Would you restate the entries below word for word, leaving out the images?

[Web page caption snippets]

***

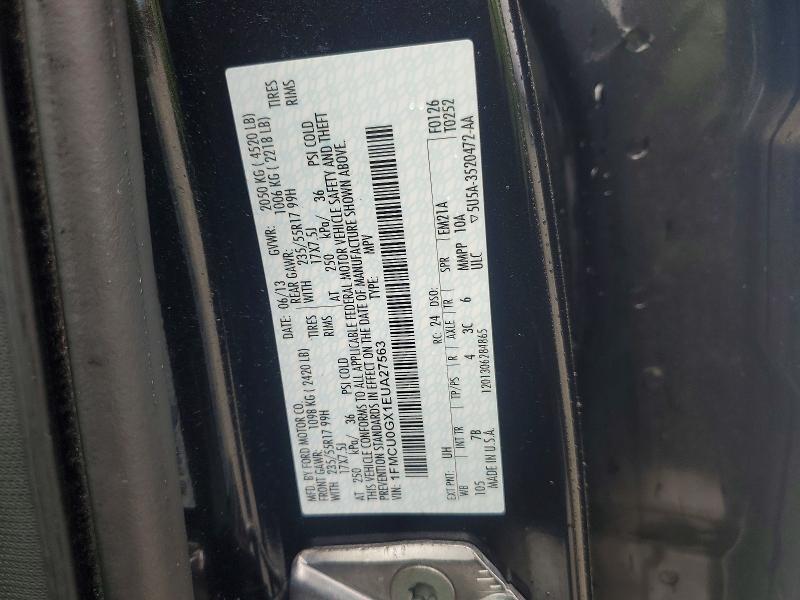 2014 Ford Escape se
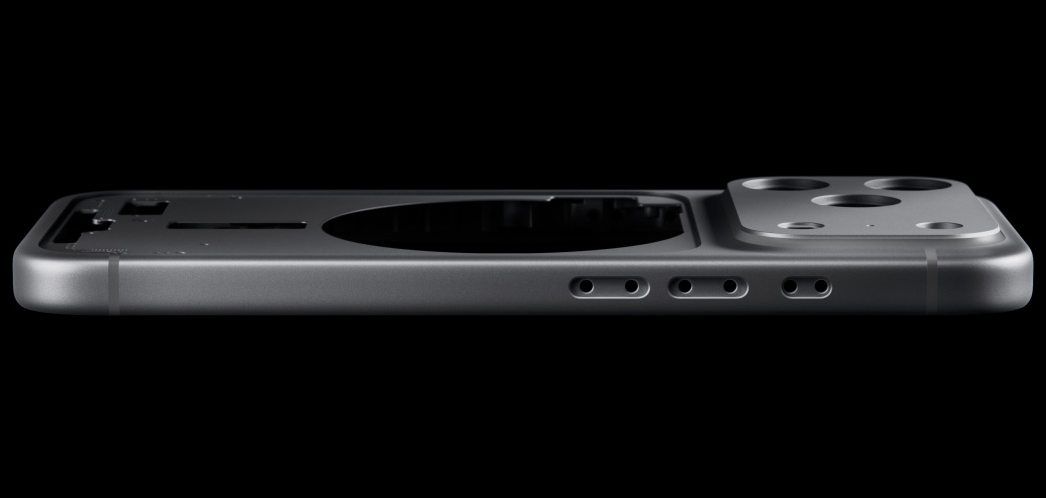 корпус iPhone 17 Pro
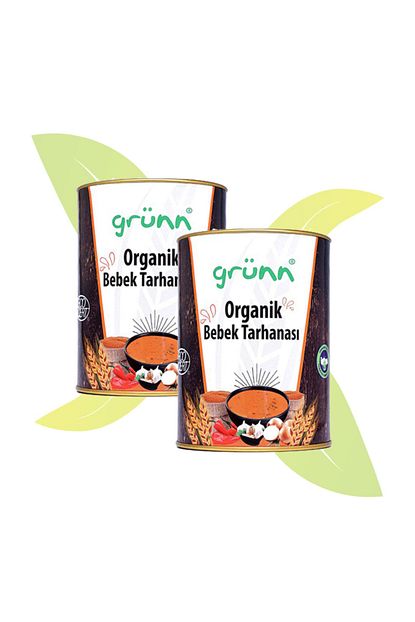 Grunn Organik Bebek Tarhanasi 400gr 2 Adet Trendyol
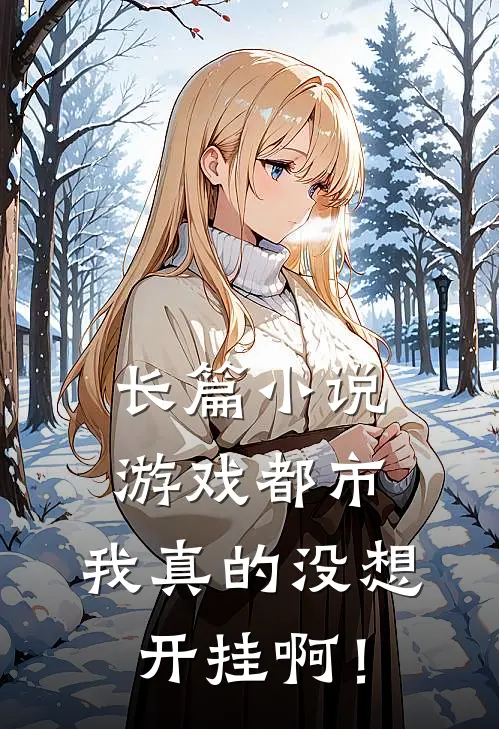 长篇小说游戏都市：我真的没想开挂啊！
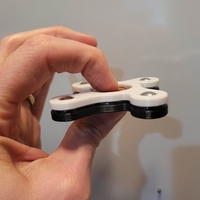 Small Magnetic, Interchangeable Spinner 3D Printing 397423
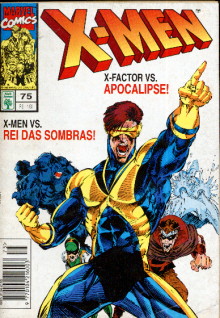 X-Men mensal Coleção parte 3
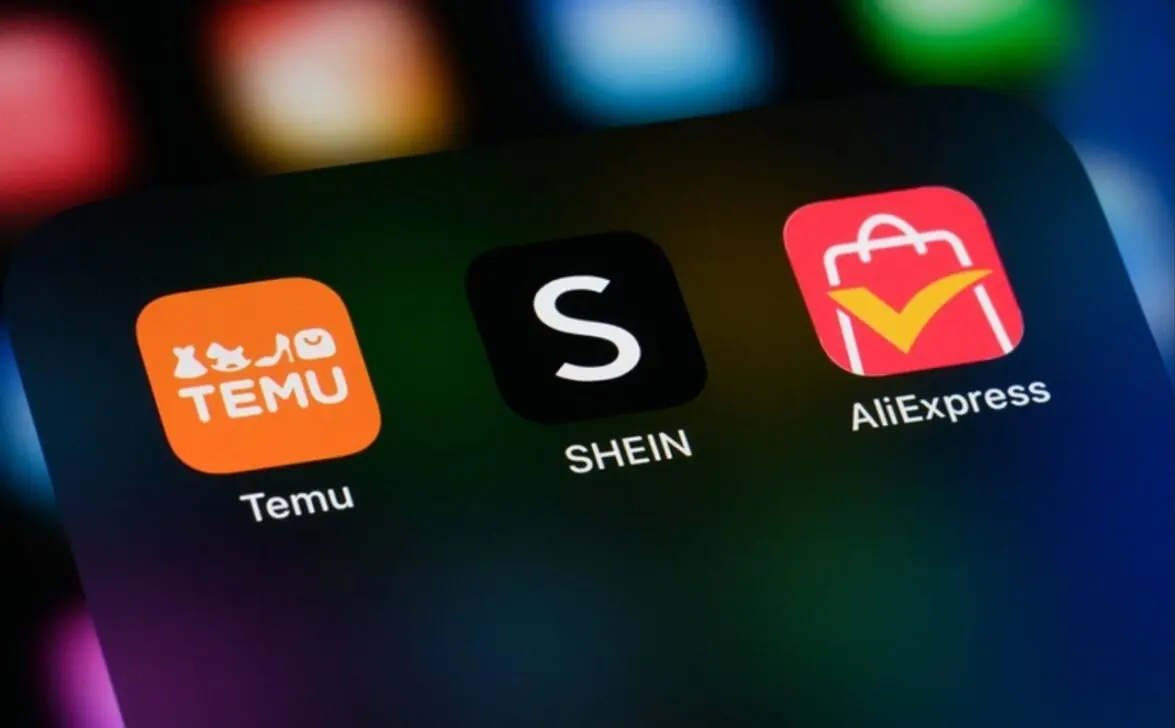 Aplicativos de compra, Temu, Shein, AliExpress - Kenneth Cheung/Shutterstock.com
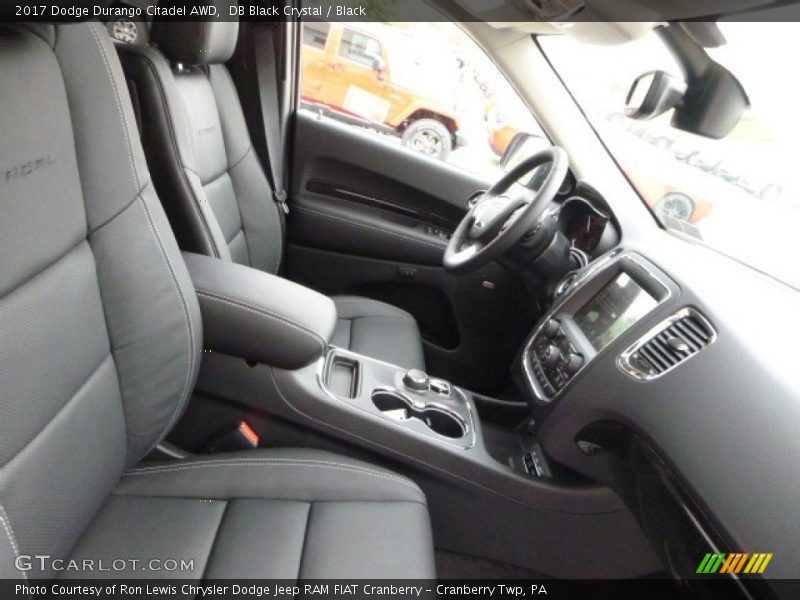 DB Black Crystal / Black 2017 Dodge Durango Citadel AWD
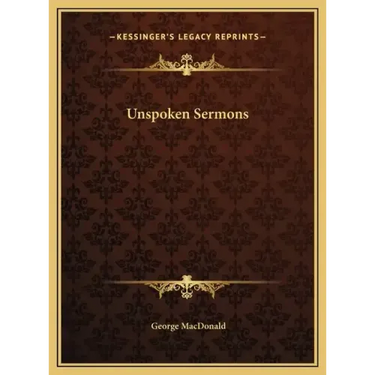 Unspoken Sermons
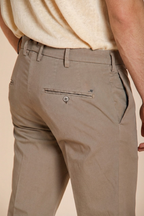 New York men's chino pants in stretch gabardine regular fit ①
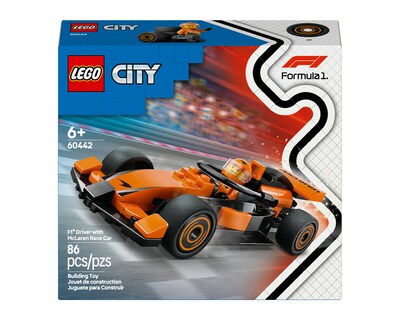 Foto 2 | Foto 2 | LEGO City: Piloto de F1 con Coche McLaren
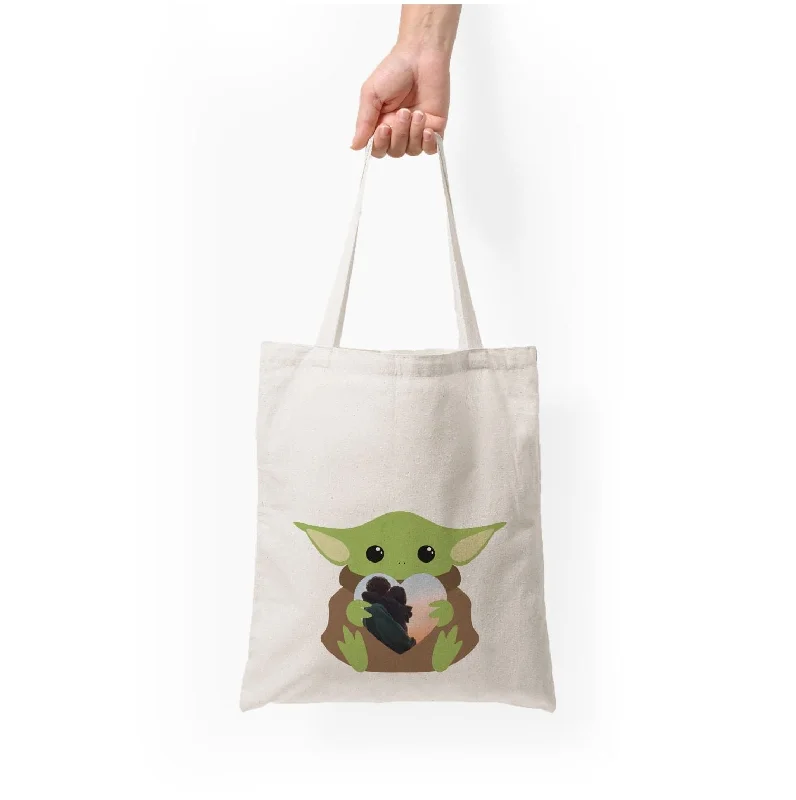 Fresh Fashion Discounts Baby Yoda - Personalised Couples Tote Bag Classic Totes, Exclusive Deals Fresh Fashion Discounts Baby Yoda - Personalised Couples Tote Bag Classic Totes, Exclusive Deals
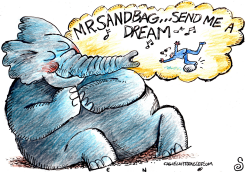 A LITTLE GIFT FOR THE GOP by Randall Enos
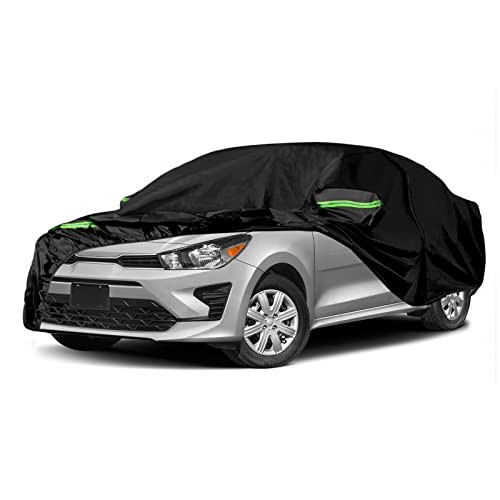 Waterproof Car Cover Replace for 2005-2025 Kia 6 Layers All Weather Car Rio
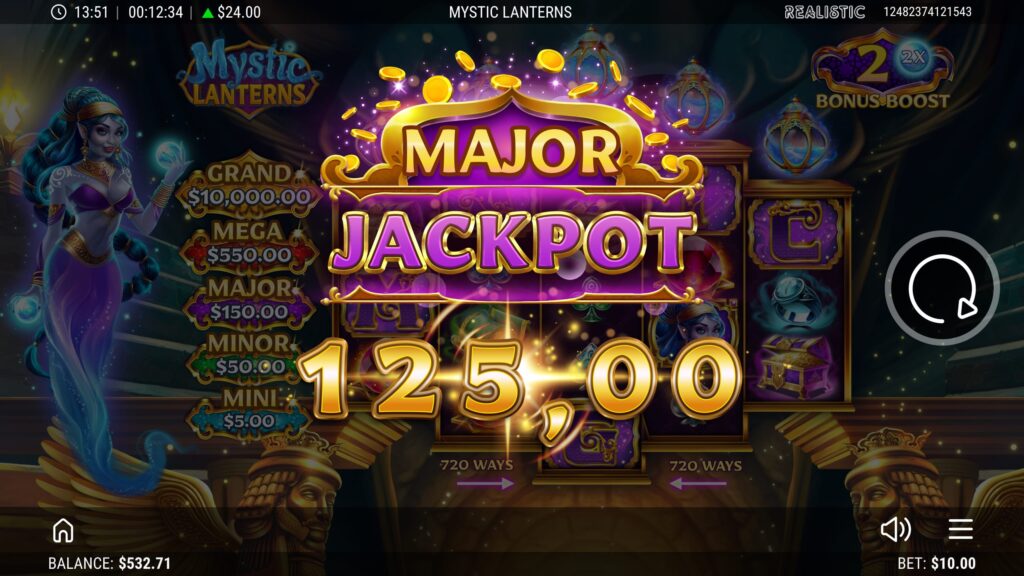 Mystic Lanterns Online Slot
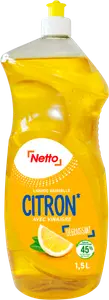 LIQUIDE VAISSELLE CITRON AVEC VINAIGRE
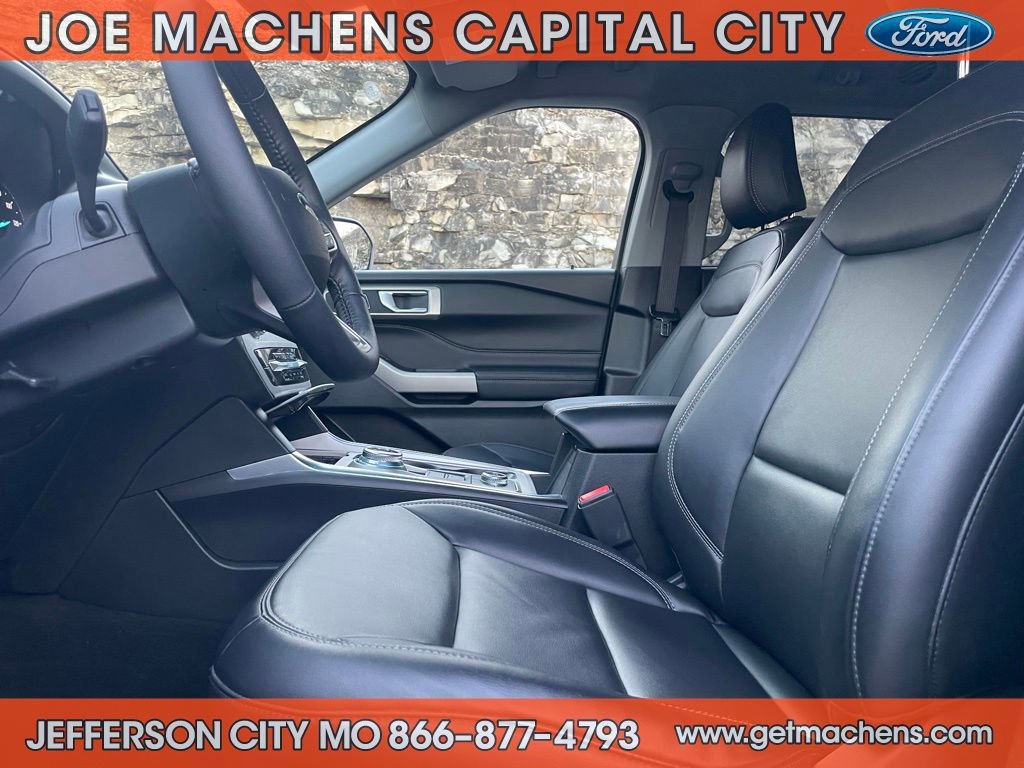 Certified 2024 Ford Explorer XLT w/ Equipment Group 202A image 20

***

=== RESPONSE FOR THIS EXERCISE ===
 2014 Ford Escape se
 корпус iPhone 17 Pro
 Grunn Organik Bebek Tarhanasi 400gr 2 Adet Trendyol
 长篇小说游戏都市：我真的没想开挂啊！
 Small Magnetic, Interchangeable Spinner 3D Printing 397423
 X-Men mensal Coleção parte 3
 Aplicativos de compra, Temu, Shein, AliExpress - Kenneth Cheung/Shutterstock.com
 DB Black Crystal / Black 2017 Dodge Durango Citadel AWD
 Unspoken Sermons
 New York men's chino pants in stretch gabardine regular fit ①
 Foto 2 | Foto 2 | LEGO City: Piloto de F1 con Coche McLaren
 Fresh Fashion Discounts Baby Yoda - Personalised Couples Tote Bag Classic Totes, Exclusive Deals Fresh Fashion Discounts Baby Yoda - Personalised Couples Tote Bag Classic Totes, Exclusive Deals
 A LITTLE GIFT FOR THE GOP by Randall Enos
 Waterproof Car Cover Replace for 2005-2025 Kia 6 Layers All Weather Car Rio
 Mystic Lanterns Online Slot
 LIQUIDE VAISSELLE CITRON AVEC VINAIGRE
 Certified 2024 Ford Explorer XLT w/ Equipment Group 202A image 20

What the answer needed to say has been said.